Mercy rule being considered for Section II baseball
When the Section II baseball coaches meet March 5 they will have a big decision to make — to accept or reject the 10-run “mercy” rule passed earlier this month by the New York State Public High School Athletic Association Executive Committee.
The Executive Committee to adopted a 10-run rule for high school baseball on a two-year trial period stating a game would end after five innings if a team is leading by 10 or more runs — or after 4 1/2 innings if the home team is leading.
“In June at the state baseball meeting, the mercy rule came up and we wanted to also extend the season from 20 to 22 games,” Section II Baseball Coordinator and Gloversville baseball coach Mike DeMagistris said “That went to the committee and the extra games were voted down when the committee reconvened in January. It will happen in the regional and state play but not for tournament or regular season play yet.”
That will be decided at the March 5 meeting. If the rule is accepted by the committee it will be passed on to be voted on by the eight leagues in Section II.
“There is not a lot of support for it here [Section II],” DeMagistris said. “”We’re only allowed to play 140 innings of baseball in a five-week season. It really makes no sense to make the season any shorter than it already is.”

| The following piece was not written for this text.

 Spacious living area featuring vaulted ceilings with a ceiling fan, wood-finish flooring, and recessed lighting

The state committee stated the Run Rule will have a saving impact on pitch counts and the number of pitchers that are used in games when there is a lack of competitiveness and a run rule will improve the quality of the sport.

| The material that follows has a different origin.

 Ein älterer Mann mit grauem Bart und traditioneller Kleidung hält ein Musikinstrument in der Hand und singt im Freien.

“Ten runs isn’t a lot to come back from,” DeMagistris said. “The beauty of baseball is that the 21st out is the hardest one to get. In other sports, no one is saying to stop blowouts that can’t be overcome. Soccer games are 8-0 and are not called. Football games reach 70-0, basketball 60-5. But we’re going to stop a baseball game that is 10-0?”
DeMagistris said that there is also a belief, that if adopted, it could alter the way coaches approach games.
“It could lead to coaches taking more chances to put big scores up early to reach the cutoff point,” he said. “It also could come into play if during a week one team has an extra-inning game and the other has a couple of shortened games. They will have an advantage as far as pitchers and rested players go.”
The proposed rule comes a year after the committee put a pitch count in effect in 2017.
“The pitch count rule was intended to help teams develop more players, DeMagistris said. “In a game that might be 10-0 in the fourth inning and all of a sudden 4 1/2 innings and the game’s over, how do you get kids in the game? High school is education-based athletic and we don’t want our kids to quit. We’re trying to teach our kids aspects of the game, and that’s going to be taken away from us if this is voted in.”
DeMagistris pointed out that there is already a way to stop a game that has gotten out of hand.
“Article 4, Section 4 of the NFHS rules says that the two coaches and the umpire can mutually agree to end the game at any point,” he said. “Baseball is not a free substitution sport. Unless it is a starter you cannot re-enter a player like other sports. Even with big leads, teams will hold runners at third on scoring opportunities and have strategies to purposely run into outs to keep the game going and get players time on the field.”
Practice for the high school spring sports season is scheduled to begin on March 5.